I'd check your calculations again. Specifically your calculation for the total power radiated by the sun. Remember it also helps us homework helpers if you post all the steps you use as we can quickly identify where you go wrong and how best to help you.

 

[hobobobo]

ok srry I'll post my steps:

So calculation for potential stored self stored gravity of sun as follows:

potential Energy = GM^2/r
= (6.67x10^-11m^3kg^-1s^-1)(2.0x10^30kg)^2/(6.96x10^8m)
=3.83x10^41m^2/s

Calculation of total power radiated by sun as follows:

E=(constant)(T^4)(j)(4pir^2)
=(5.67x10^-8 watt/m^2k^4)(6000^4k)(3.83x10^41m^2/s)(6.09x10^18m^2)
= 1.71x10^68

So are these right so far?

 

[Kurdt]

The j in the Stefan-Boltzmann law is just part of the units (i.e. Joules per meter squared per second). Its not a variable. Also what are the units of potential energy?

 

[hobobobo]

m^2/s?... because we have like m^3/m and kg^-1 and kg so they cancel out.

 

[Kurdt]

m^2/s?... because we have like m^3/m and kg^-1 and kg so they cancel out.

The unit of energy is the Joule. Which is $J=\frac{Kgm^2}{s^2}$.

So could you see where you went wrong in your above calculation?

 

[hobobobo]

oohh? hmm I was following my sheet which says potential energy of an object due to its own gravity is of order Potential Energy = GM^2/r

 

[Kurdt]

oohh? hmm I was following my sheet which says potential energy of an object due to its own gravity is of order Potential Energy = GM^2/r

Potential energy is fine. Perhaps I was a bit misleading when I asked you to think about its units. Look again at my previous posts specifically post 14.

 

[Dick]

Kurdt is right. Your value for the total power radiated by the sun is way off. Can you spell out where each of the numbers comes from?

 

[hobobobo]

ok give me a min lol

 

[hobobobo]

this is the constant of stefan Boltzmann (5.67x10^-8 watt/m^2k^4)

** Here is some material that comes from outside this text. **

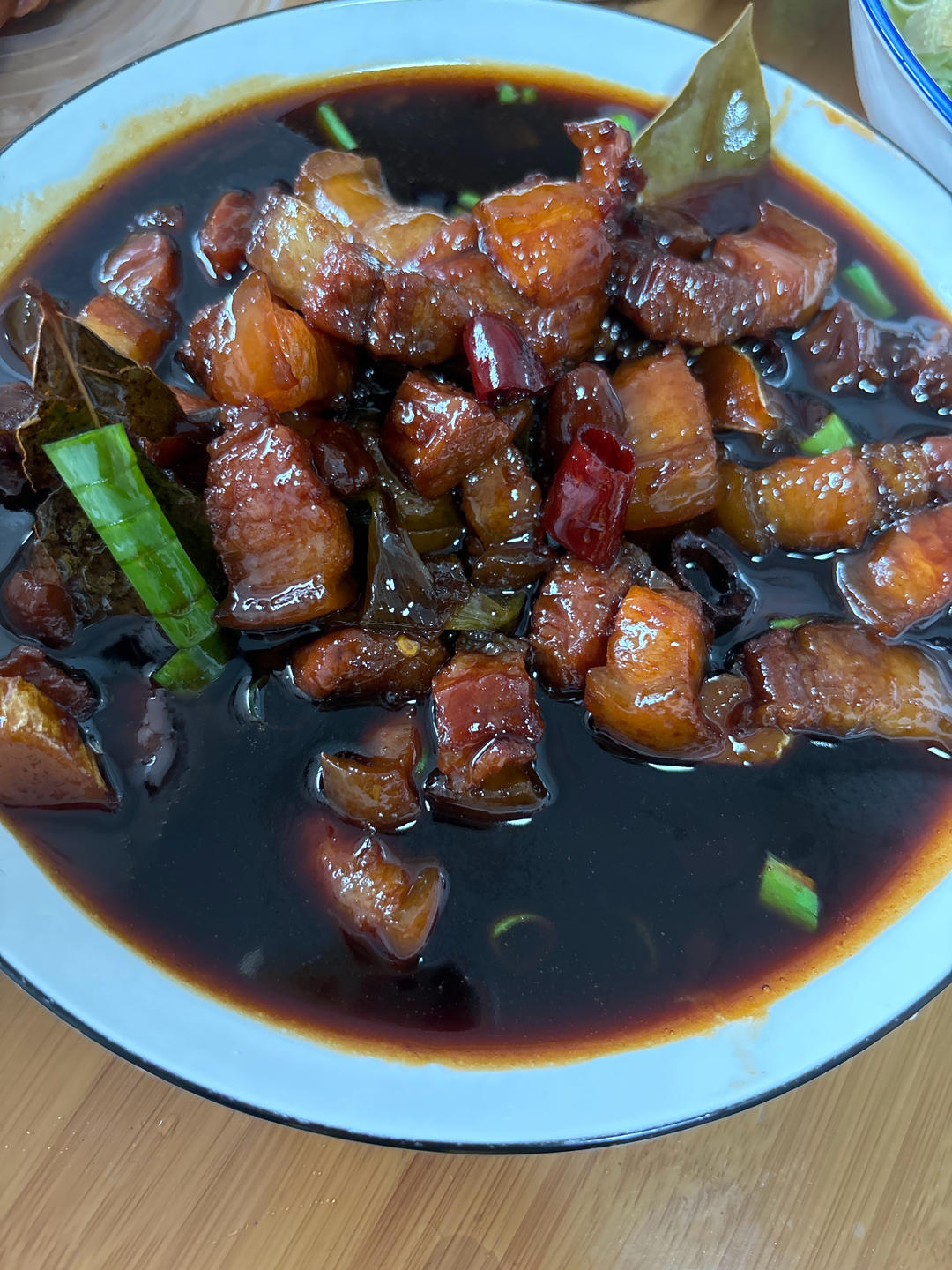 不焯水不放油的家常红烧肉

temperature of the stellar photosphere (6000^4k) blackbody

Potential Energy due to its own gravity (3.83x10^41m^2/s)

surface area of the sun (6.09x10^18m^2)

 

[hobobobo]

surface area i got it by 4pir^2 where r is 6.96x10^6 m

 

[Kurdt]

this is the constant of stefan Boltzmann (5.67x10^-8 watt/m^2k^4)

temperature of the stellar photosphere (6000^4k) blackbody

Potential Energy due to its own gravity (3.83x10^41m^2/s)

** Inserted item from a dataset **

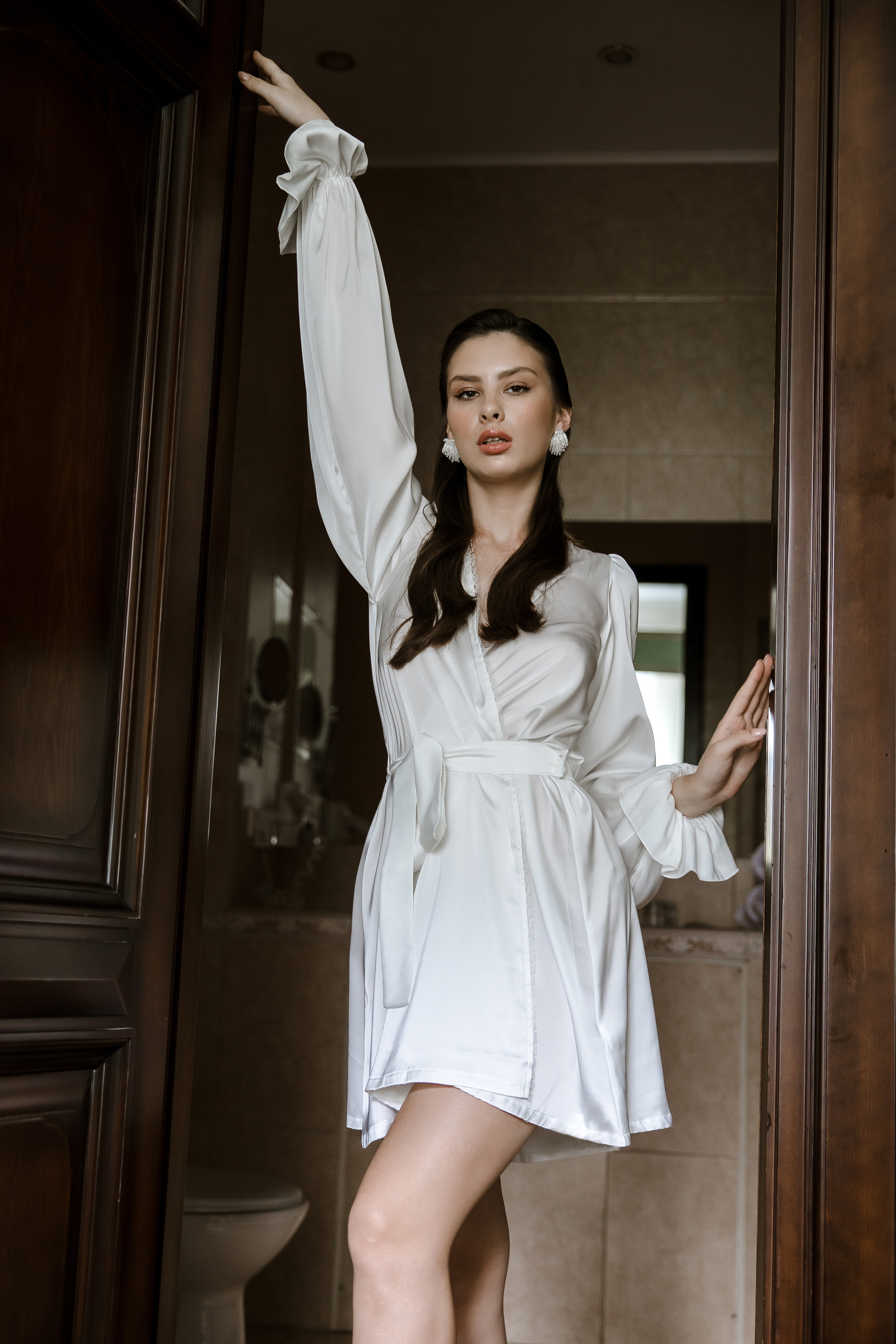 Утро невесты в историческом номере отеля. Свадебный и семейный фотограф в Самаре и Тольятти | Елена Топанцева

surface area of the sun (6.09x10^18m^2)

Where does potential energy fit into the Stefan-Boltzmann law?

$$\phi = \sigma T^4$$

 

[Dick]

Where does potential energy fit into the Stefan-Boltzmann law?

$$\phi = \sigma T^4$$

Right. So energy/time=$$A \sigma T^4$$.

 

[hobobobo]

oh damn it I keep forgetting XD

 

[hobobobo]

ok so my answer would still look wrong since I got energy/time= 4.47x10^26

 

[Dick]

Ok, so you've got PE=3.7*10^41 J. And you've got the got that the sun is radiating at 4.5*10^26 J/sec. How many years can that energy last? How do you combine those two numbers to find out?

 

[hobobobo]

Well I did the lifetime = (energy) / (rate [energy/time] at which sun emits energy) which I got 8.55x10^14 which is a really really big number, that number is bigger than a trillion lol.

 

[Dick]

Well I did the lifetime = (energy) / (rate [energy/time] at which sun emits energy) which I got 8.55x10^14 which is a really really big number, that number is bigger than a trillion lol.

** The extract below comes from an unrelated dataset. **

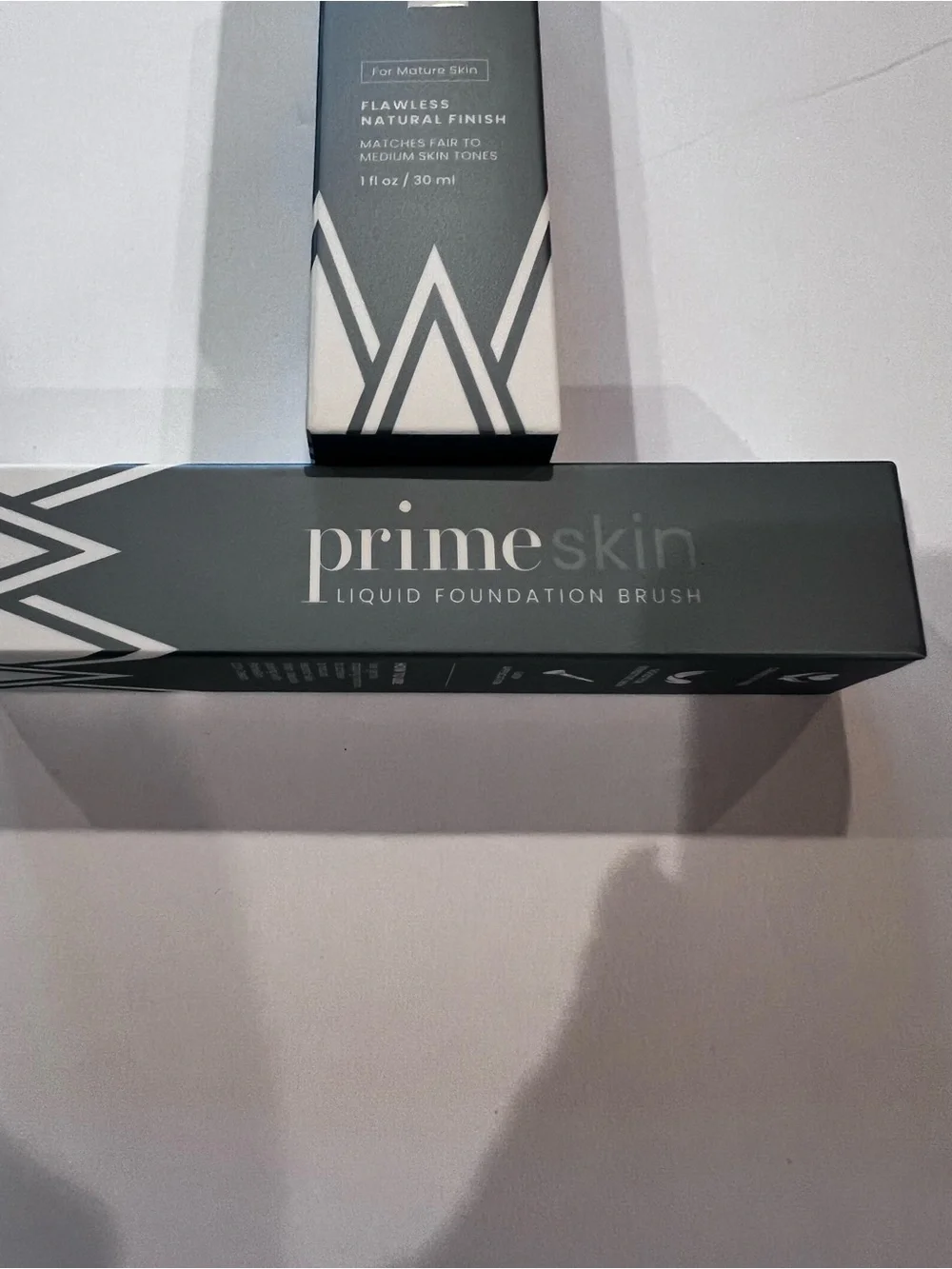 Prime Prometics Color Changing Foundation & Brush - Light - Med Coverage 1 fl oz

What are the units on that? Seconds aren't they? How many years?

 

[Kurdt]

Well I did the lifetime = (energy) / (rate [energy/time] at which sun emits energy) which I got 8.55x10^14 which is a really really big number, that number is bigger than a trillion lol.

Remember the units that is in though.

EDIT: damn beaten to it.

 

[hobobobo]

oh >_> haha yea I'm in a hurry and I keep forgetting to look at the units lol thanks a lot you guys, you guys are a big help.